警告:Xst:1896-由于其他FF/Latch微调,FF/Latch在块中的常量值为0。此FF/闩锁将在优化过程中进行修剪。
警告:Xst:1896-由于其他FF/Latch微调,FF/Latch在块中的常量值为0。此FF/闩锁将在优化过程中进行修剪。
警告:Xst:1896-由于其他FF/Latch微调,FF/Latch在块中的常量值为0。

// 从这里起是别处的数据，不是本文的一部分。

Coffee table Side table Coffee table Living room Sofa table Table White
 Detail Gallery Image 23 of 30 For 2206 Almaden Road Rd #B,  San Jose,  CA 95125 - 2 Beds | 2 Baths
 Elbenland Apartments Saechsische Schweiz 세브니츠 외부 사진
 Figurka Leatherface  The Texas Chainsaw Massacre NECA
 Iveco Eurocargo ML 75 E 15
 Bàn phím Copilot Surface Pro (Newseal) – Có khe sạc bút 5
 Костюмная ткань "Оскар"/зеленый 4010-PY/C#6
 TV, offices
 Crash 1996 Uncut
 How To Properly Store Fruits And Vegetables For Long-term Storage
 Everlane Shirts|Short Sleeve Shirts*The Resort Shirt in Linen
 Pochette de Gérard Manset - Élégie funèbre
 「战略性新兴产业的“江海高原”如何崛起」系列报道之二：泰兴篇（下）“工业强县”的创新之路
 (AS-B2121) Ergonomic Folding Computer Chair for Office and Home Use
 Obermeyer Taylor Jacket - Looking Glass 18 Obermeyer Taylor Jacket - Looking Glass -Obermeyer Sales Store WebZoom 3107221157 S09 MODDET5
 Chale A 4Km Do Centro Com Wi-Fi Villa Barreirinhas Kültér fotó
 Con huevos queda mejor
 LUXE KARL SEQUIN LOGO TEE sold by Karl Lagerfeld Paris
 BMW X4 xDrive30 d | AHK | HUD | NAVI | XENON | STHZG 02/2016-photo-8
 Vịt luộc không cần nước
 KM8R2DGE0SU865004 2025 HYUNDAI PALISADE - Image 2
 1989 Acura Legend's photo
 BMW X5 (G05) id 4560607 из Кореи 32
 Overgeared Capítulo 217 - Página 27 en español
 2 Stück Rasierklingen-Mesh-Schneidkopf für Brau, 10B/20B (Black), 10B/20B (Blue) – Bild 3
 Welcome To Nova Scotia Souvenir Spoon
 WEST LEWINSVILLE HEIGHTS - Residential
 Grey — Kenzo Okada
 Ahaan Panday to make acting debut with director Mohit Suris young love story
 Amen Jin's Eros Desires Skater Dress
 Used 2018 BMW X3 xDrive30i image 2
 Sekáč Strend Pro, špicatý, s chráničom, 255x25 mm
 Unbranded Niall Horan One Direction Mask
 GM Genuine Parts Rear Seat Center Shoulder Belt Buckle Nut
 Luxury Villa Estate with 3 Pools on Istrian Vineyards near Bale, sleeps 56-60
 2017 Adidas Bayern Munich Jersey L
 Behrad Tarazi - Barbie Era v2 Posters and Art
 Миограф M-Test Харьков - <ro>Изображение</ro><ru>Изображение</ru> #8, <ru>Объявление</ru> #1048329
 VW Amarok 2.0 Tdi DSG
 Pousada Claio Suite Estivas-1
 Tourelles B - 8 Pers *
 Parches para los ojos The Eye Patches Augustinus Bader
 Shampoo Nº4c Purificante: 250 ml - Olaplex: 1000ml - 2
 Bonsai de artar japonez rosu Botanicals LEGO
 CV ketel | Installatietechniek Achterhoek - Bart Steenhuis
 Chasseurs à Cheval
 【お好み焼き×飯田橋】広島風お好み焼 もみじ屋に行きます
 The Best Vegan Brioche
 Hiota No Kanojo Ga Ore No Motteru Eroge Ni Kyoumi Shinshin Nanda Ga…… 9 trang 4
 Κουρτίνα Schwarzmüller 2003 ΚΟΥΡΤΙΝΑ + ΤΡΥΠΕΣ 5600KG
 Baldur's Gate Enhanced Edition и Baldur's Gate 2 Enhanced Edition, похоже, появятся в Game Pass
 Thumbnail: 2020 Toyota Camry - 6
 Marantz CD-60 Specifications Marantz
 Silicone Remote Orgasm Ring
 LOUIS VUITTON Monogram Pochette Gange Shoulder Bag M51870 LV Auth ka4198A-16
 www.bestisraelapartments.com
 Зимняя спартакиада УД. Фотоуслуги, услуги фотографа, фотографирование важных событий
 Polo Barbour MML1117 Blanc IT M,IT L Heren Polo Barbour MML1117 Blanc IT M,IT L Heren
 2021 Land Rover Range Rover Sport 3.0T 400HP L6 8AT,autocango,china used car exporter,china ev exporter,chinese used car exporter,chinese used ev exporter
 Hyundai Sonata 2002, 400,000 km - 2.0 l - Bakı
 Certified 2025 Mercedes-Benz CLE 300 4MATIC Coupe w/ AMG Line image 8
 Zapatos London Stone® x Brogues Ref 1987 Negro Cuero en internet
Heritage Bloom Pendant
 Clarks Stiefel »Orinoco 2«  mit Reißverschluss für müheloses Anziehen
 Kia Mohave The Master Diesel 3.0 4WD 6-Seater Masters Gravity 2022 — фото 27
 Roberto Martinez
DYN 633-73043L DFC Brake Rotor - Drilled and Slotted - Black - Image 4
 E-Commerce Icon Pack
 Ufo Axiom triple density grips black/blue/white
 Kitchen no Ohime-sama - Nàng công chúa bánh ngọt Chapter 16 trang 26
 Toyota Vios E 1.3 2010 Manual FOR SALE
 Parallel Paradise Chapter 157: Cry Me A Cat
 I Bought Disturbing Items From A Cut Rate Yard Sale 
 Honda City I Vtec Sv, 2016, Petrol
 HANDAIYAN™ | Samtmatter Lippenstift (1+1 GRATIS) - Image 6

此FF/闩锁将在优化过程中进行修剪。
警告:Xst:1896-由于其他FF/Latch微调,FF/Latch在块中的常量值为0。此FF/闩锁将在优化过程中进行修剪。
警告:Xst:1896-由于其他FF/Latch微调,FF/Latch在块中的常量值为0。此FF/闩锁将在优化过程中进行修剪。
警告:Xst:1896-由于其他FF/Latch微调,FF/Latch在块中的常量值为0。此FF/闩锁将在优化过程中进行修剪。
警告:Xst:1896-由于其他FF/Latch微调,FF/Latch在块中的常量值为0。此FF/闩锁将在优化过程中进行修剪。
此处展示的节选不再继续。